We all start "some where" in a new adventure. The beginning stages of photography are full of mistakes made over and over by every new person who has bought a camera in hopes of starting a photography business. The most frequent one is thinking photography is a 100% profit, incredibly easy profession to jump into. All that's needed is a "good" eye, a camera, a lens, a passion to capture pictures of people's little moments...and the love of pizza, cats, and Jesus.

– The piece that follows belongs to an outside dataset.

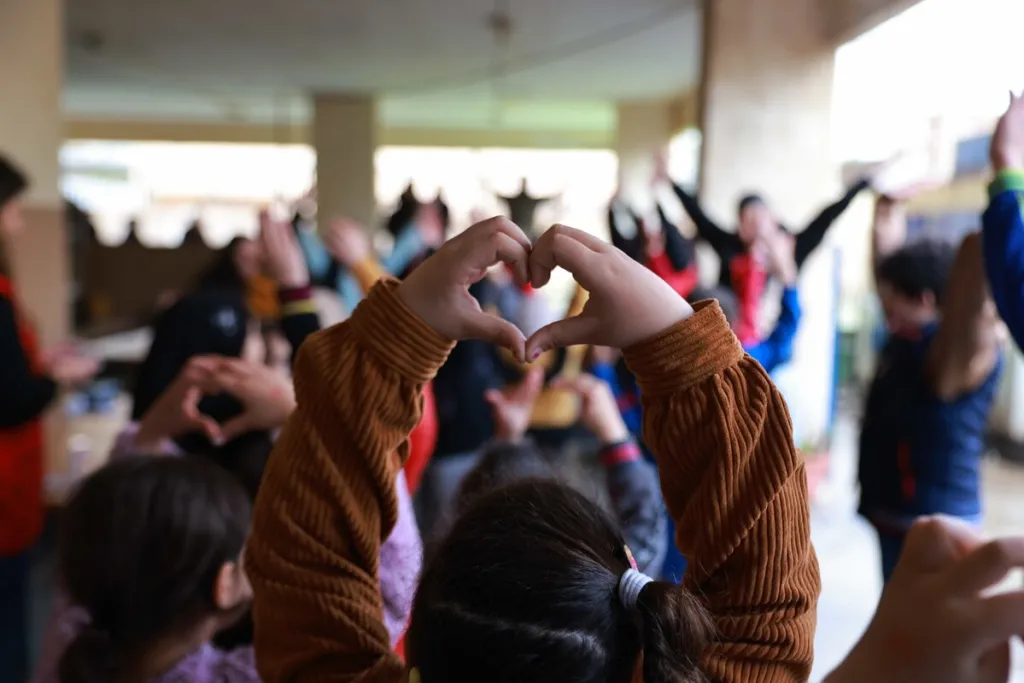 Child makes a heart with her hands in Lebanon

There is nothing wrong with pizza, cats (well.... maybe...), and Jesus. But there is so much more to becoming a photographer than just having an "eye", a good camera, and a decent lens. The amount of business smarts, time management, discipline, patience, people skills, organization, ability to strategize, marketing skills, education, goal setting, phone skills, typing skills, design skills, social media management, web presence management, networking, and dedication HEAVILY out weighs the actual photography part. In fact, holding a camera in my hand is just a tiny fraction of what happens in the studio. Running a studio is business coming in first and having a "passion" coming in dead last.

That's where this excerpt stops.